*ACTIVITY*. A faithful copy of the data, pictures omitted, is the required answer.

TASK DATA section start

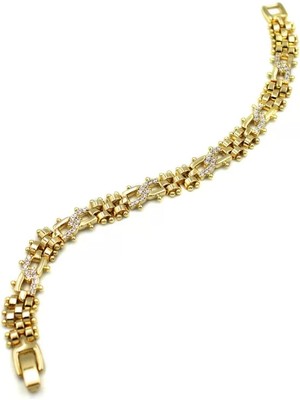 Xuping Vip Bileklik - Altın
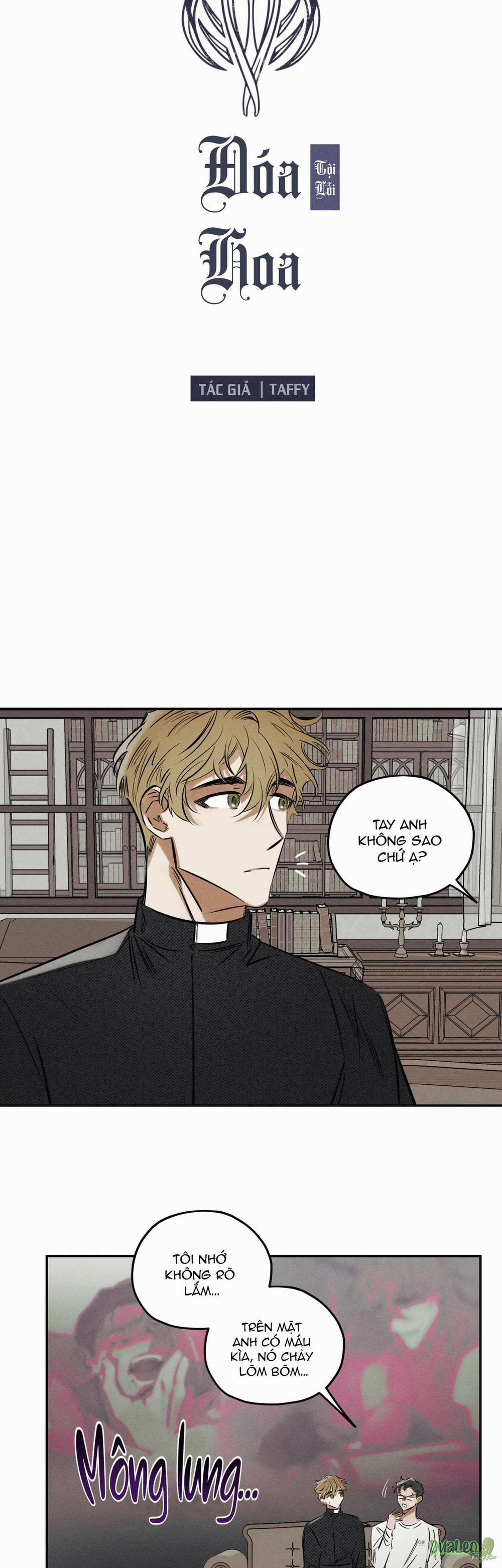 Đóa Hoa Tội Lỗi 20 trang 4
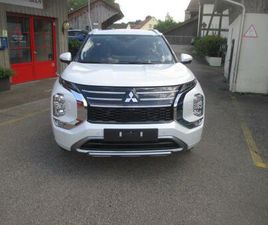 OUTLANDER 2.4 PHEV INSTYLE 4X4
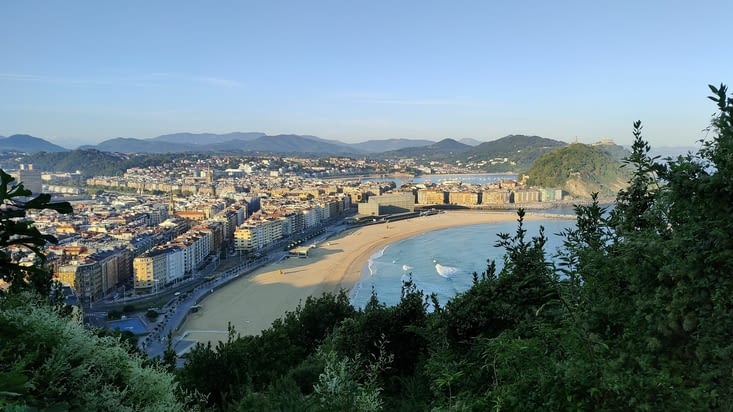 San Sebastian Donostia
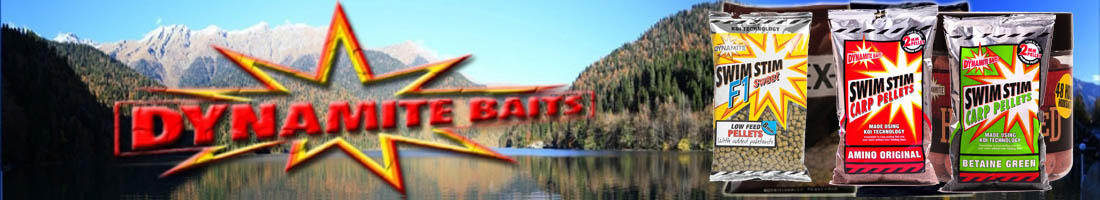 Dynamite Baits Pellets 900 гр.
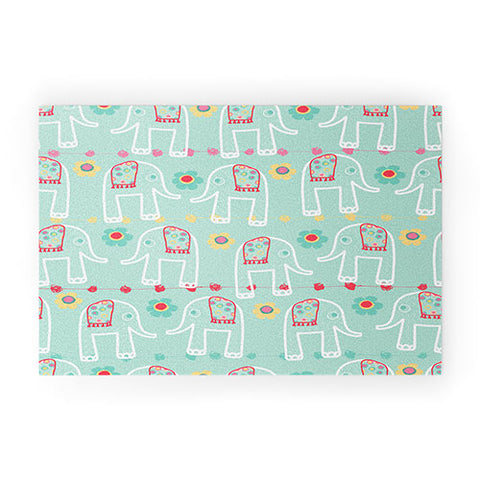 Ali Benyon Love Is Welcome Mat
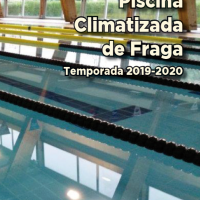 piscina climatizada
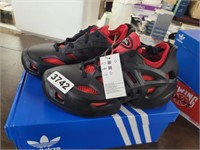 ADIDAS SHOES, NEW, SIZE 9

TASK DATA section end

*WRITTEN ANSWER*.
 Xuping Vip Bileklik - Altın
 Đóa Hoa Tội Lỗi 20 trang 4
 OUTLANDER 2.4 PHEV INSTYLE 4X4
 San Sebastian Donostia
 Dynamite Baits Pellets 900 гр.
 Ali Benyon Love Is Welcome Mat
 piscina climatizada
 ADIDAS SHOES, NEW, SIZE 9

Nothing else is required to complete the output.